**Exercise aim**. Please copy the lines below, exactly as they are, from the one with "Nottsdeveloper's tweet photo." through the one with "Wohnung zur Miete", and leave out the pictures.

**Working data**.
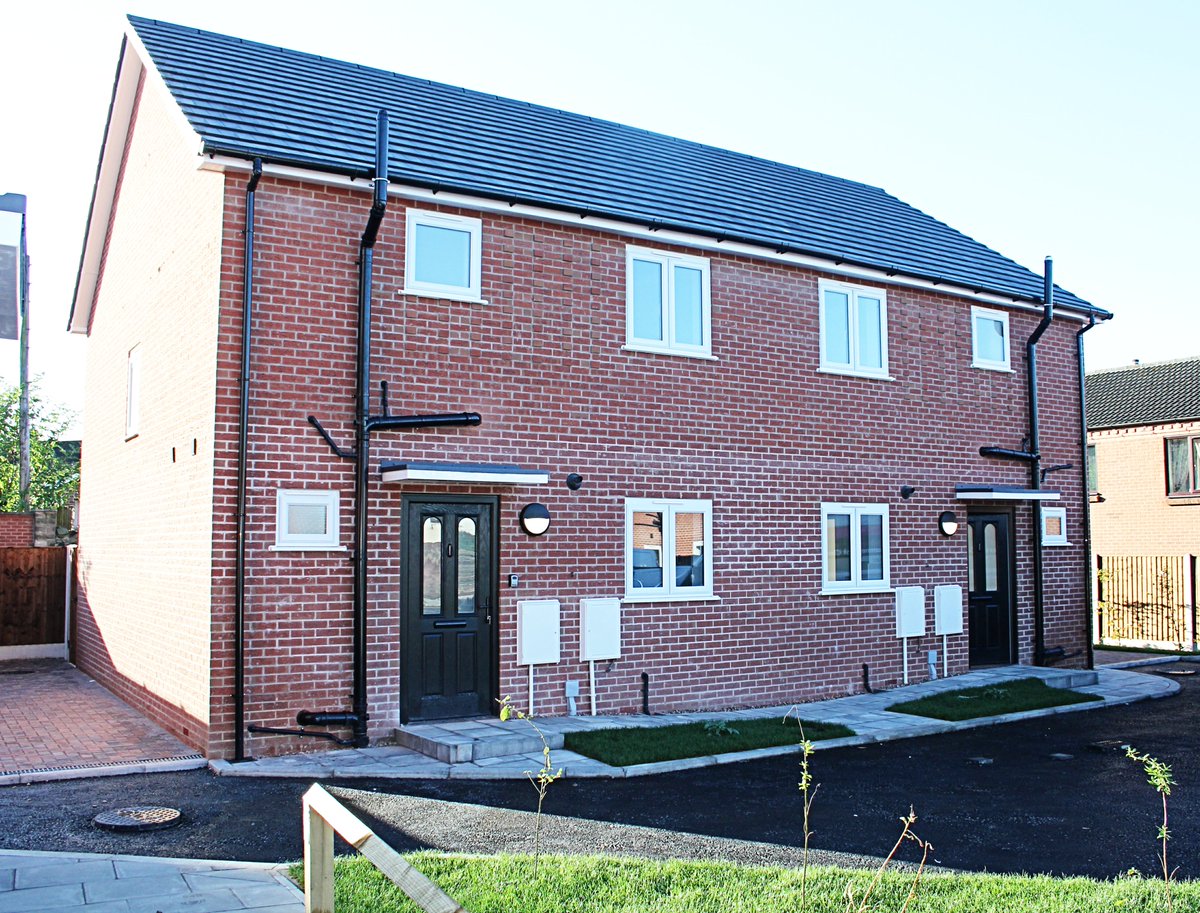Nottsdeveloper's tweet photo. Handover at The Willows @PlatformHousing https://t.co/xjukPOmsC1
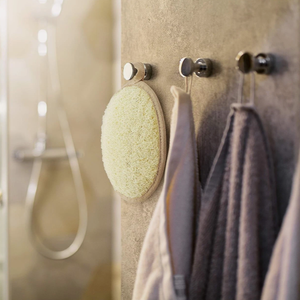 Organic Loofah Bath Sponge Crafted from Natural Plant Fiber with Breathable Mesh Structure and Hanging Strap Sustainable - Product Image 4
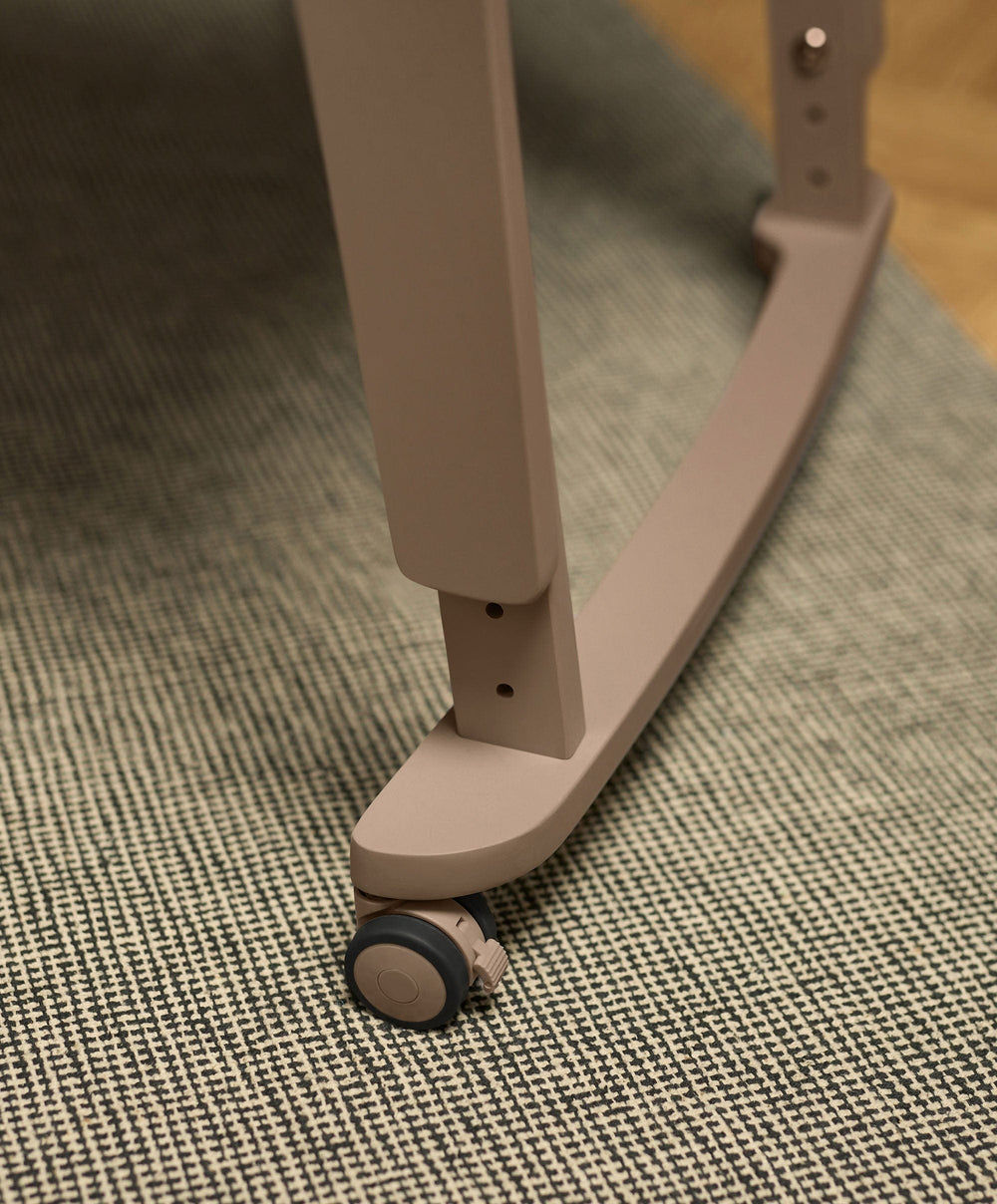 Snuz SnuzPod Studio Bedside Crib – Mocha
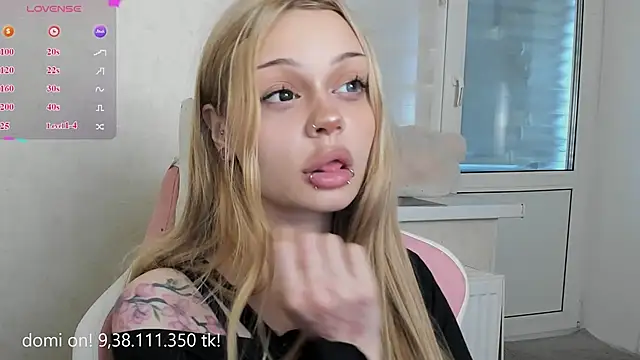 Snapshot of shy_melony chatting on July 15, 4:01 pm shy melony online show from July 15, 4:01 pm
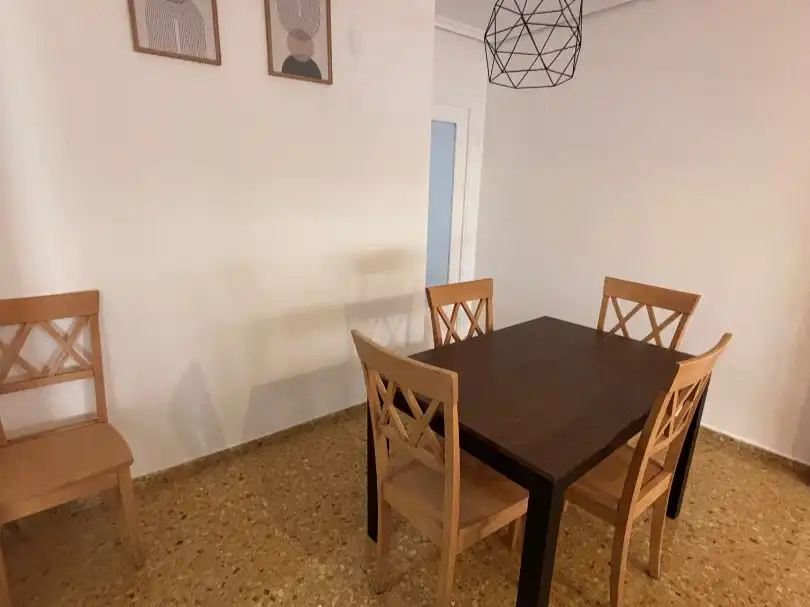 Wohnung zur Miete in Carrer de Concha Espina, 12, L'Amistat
* * *
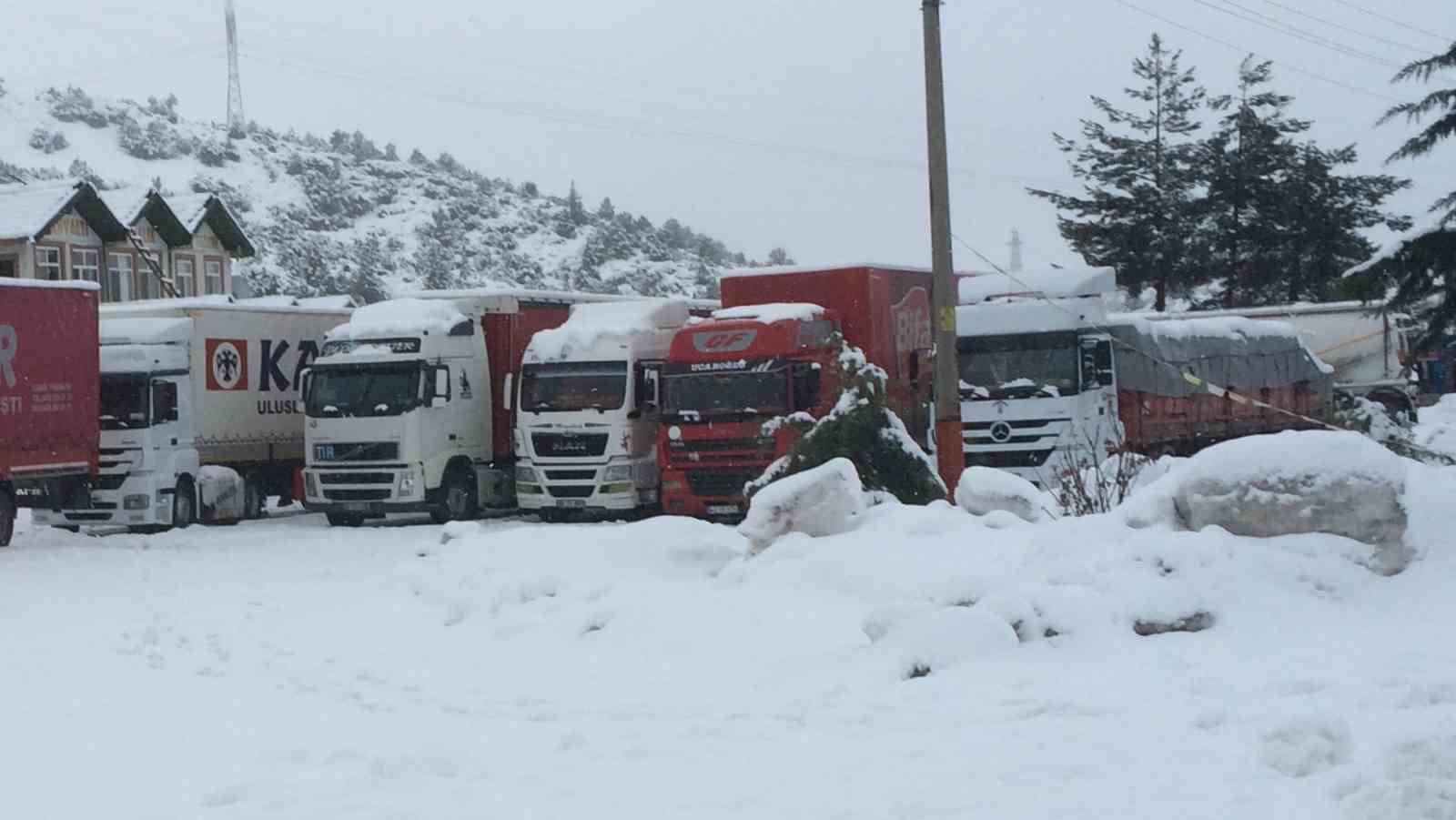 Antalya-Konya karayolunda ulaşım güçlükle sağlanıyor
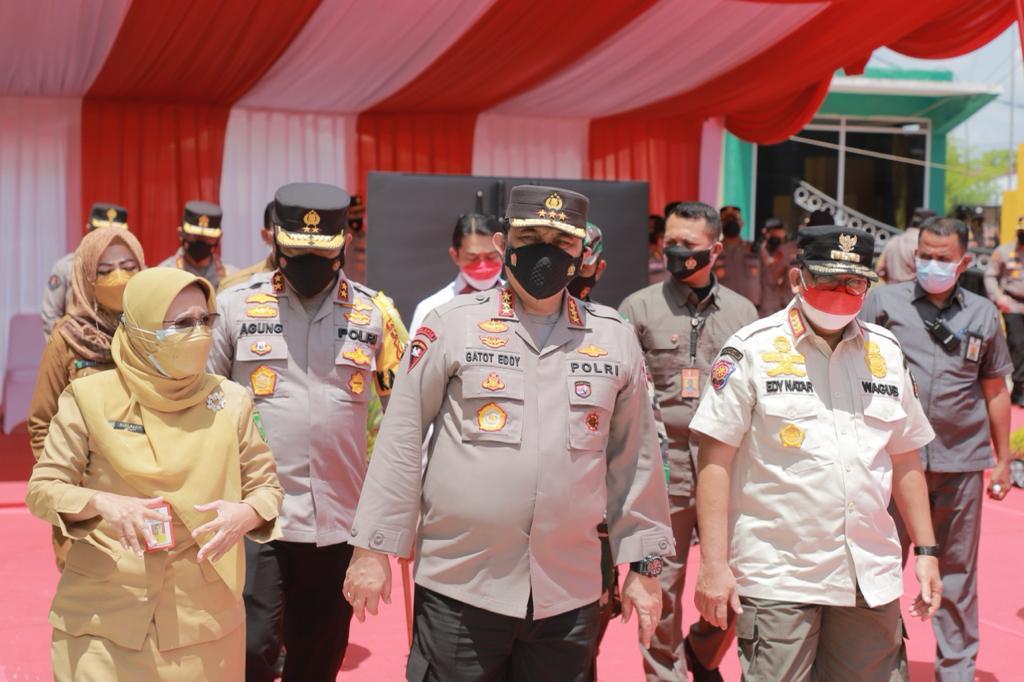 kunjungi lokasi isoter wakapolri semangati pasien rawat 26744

**Your response**.
Nottsdeveloper's tweet photo. Handover at The Willows @PlatformHousing https://t.co/xjukPOmsC1
 Organic Loofah Bath Sponge Crafted from Natural Plant Fiber with Breathable Mesh Structure and Hanging Strap Sustainable - Product Image 4
 Snuz SnuzPod Studio Bedside Crib – Mocha
 Snapshot of shy_melony chatting on July 15, 4:01 pm shy melony online show from July 15, 4:01 pm
 Wohnung zur Miete in Carrer de Concha Espina, 12, L'Amistat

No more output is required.